WORK TO COMPLETE:
Pictures are to be left out, and only the lines from the one with "Estatua de cavalo" through the last line of the listing below are to be repeated exactly.
--- DATA BELOW Enclosed Below ---
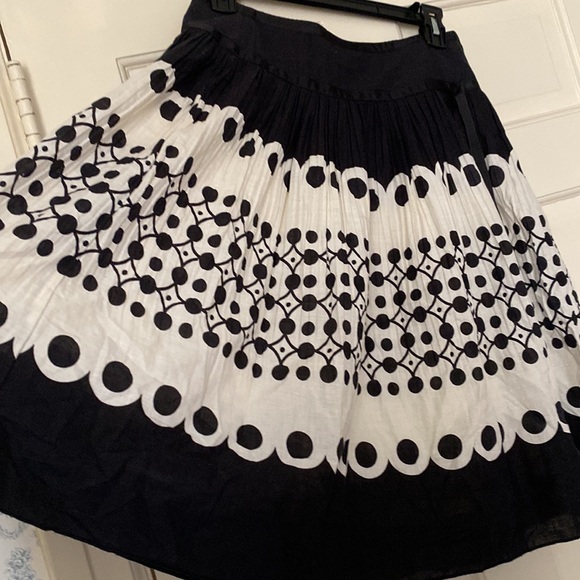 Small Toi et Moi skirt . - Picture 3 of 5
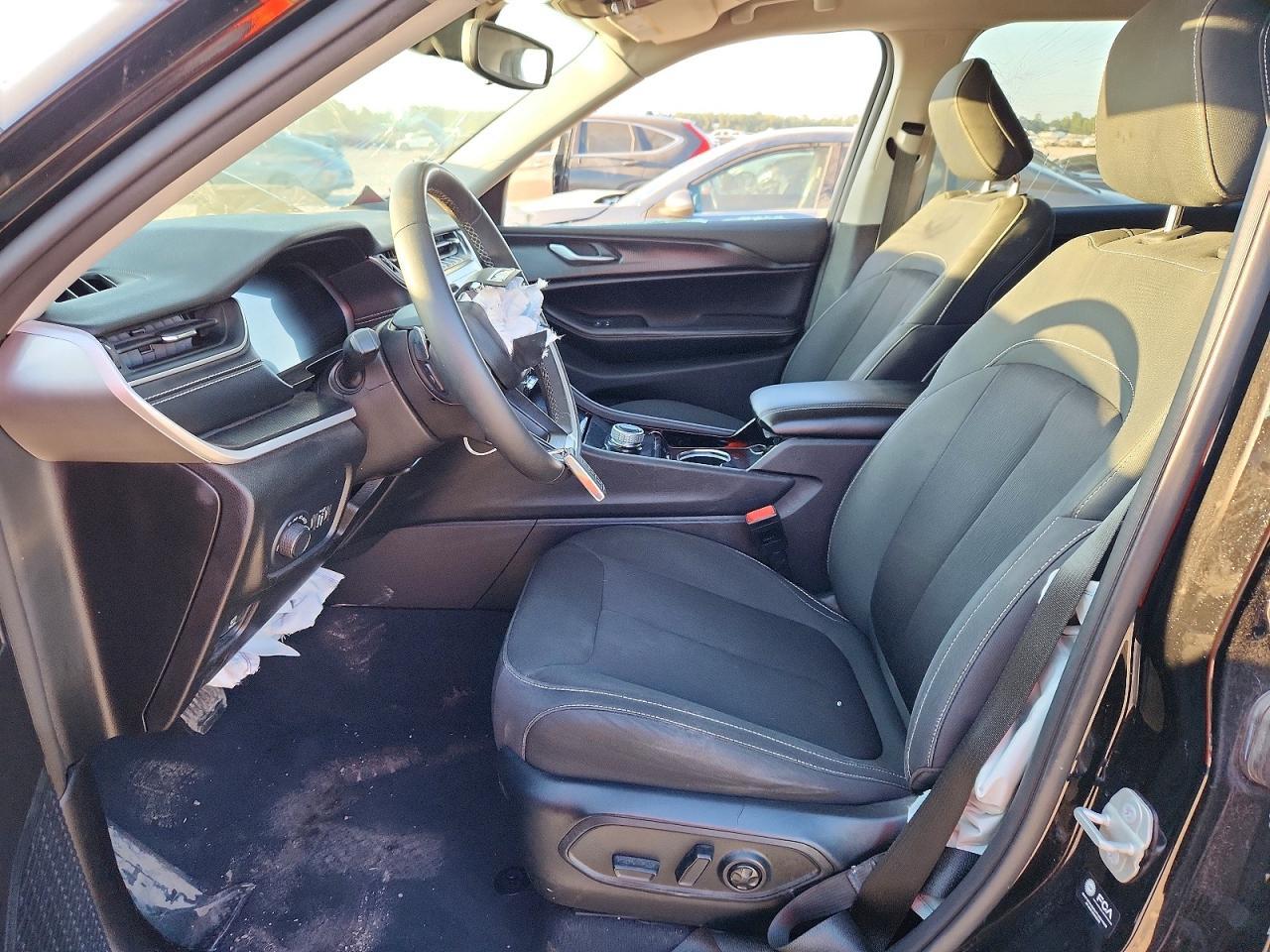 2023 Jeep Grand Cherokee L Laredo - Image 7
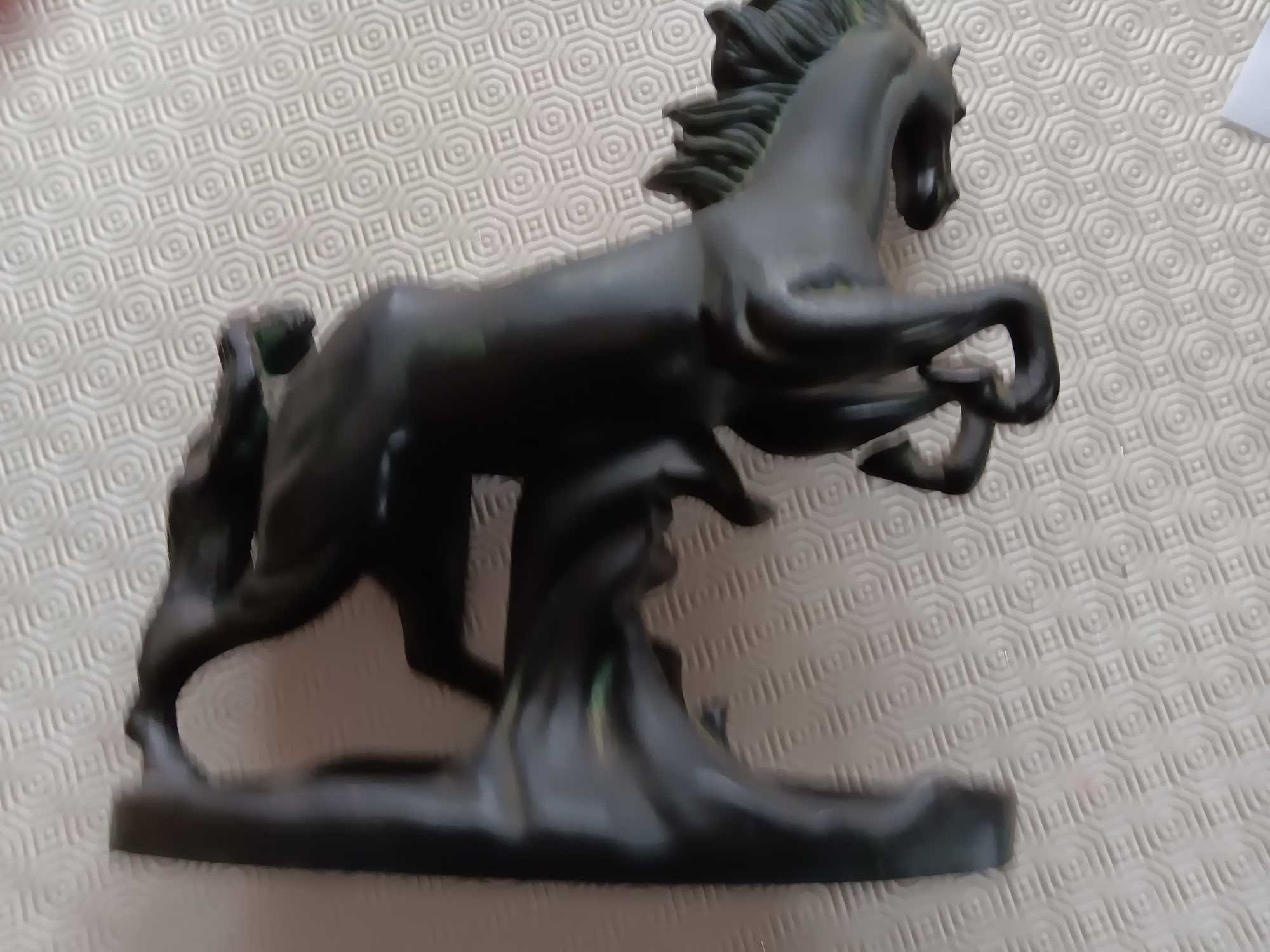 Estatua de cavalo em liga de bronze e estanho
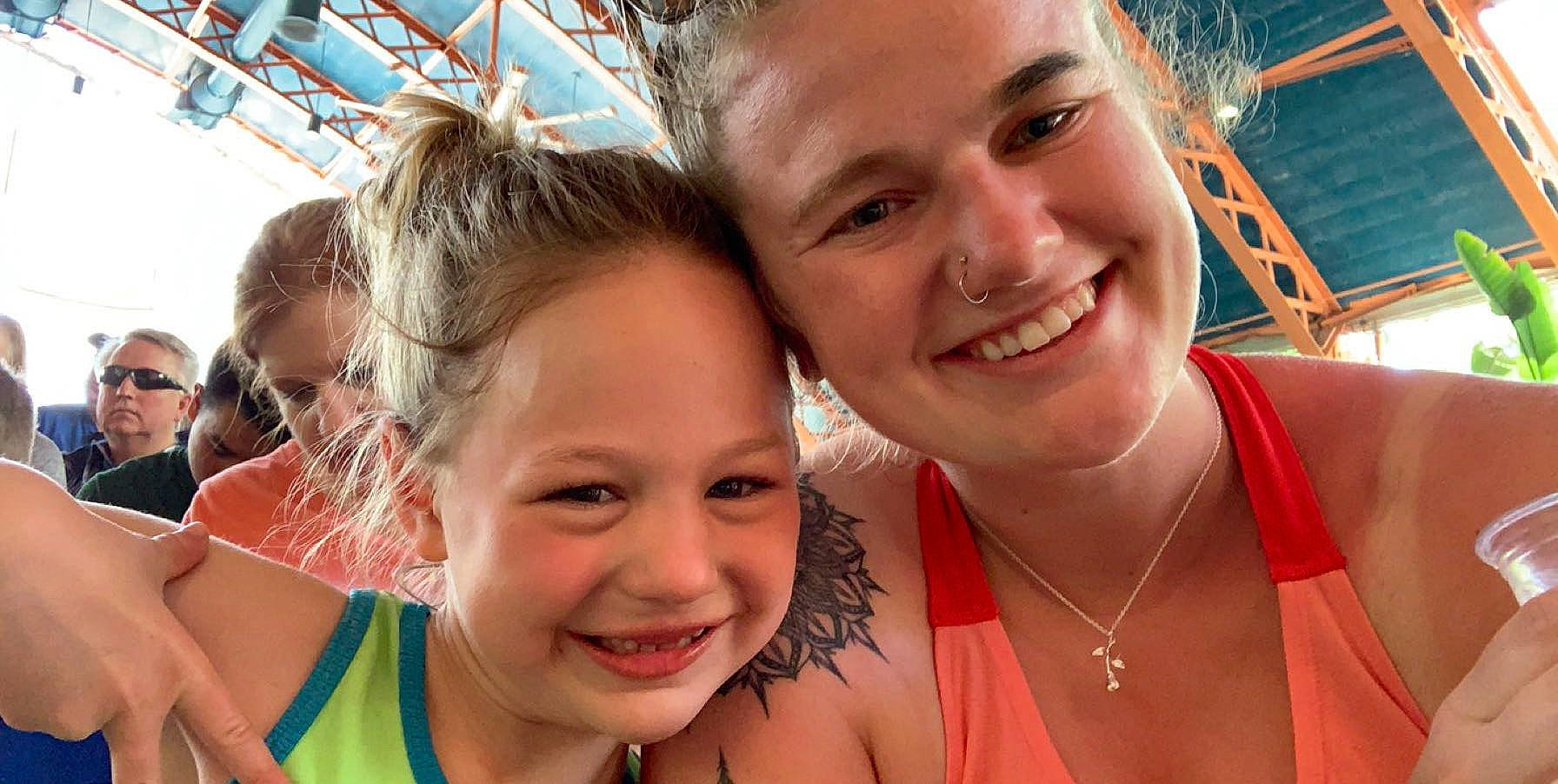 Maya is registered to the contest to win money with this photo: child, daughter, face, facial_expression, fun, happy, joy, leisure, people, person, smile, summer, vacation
--- End of Enclosed DATA BELOW ---
SOLUTION FOR THIS EXERCISE:
 Estatua de cavalo em liga de bronze e estanho
 Maya is registered to the contest to win money with this photo: child, daughter, face, facial_expression, fun, happy, joy, leisure, people, person, smile, summer, vacation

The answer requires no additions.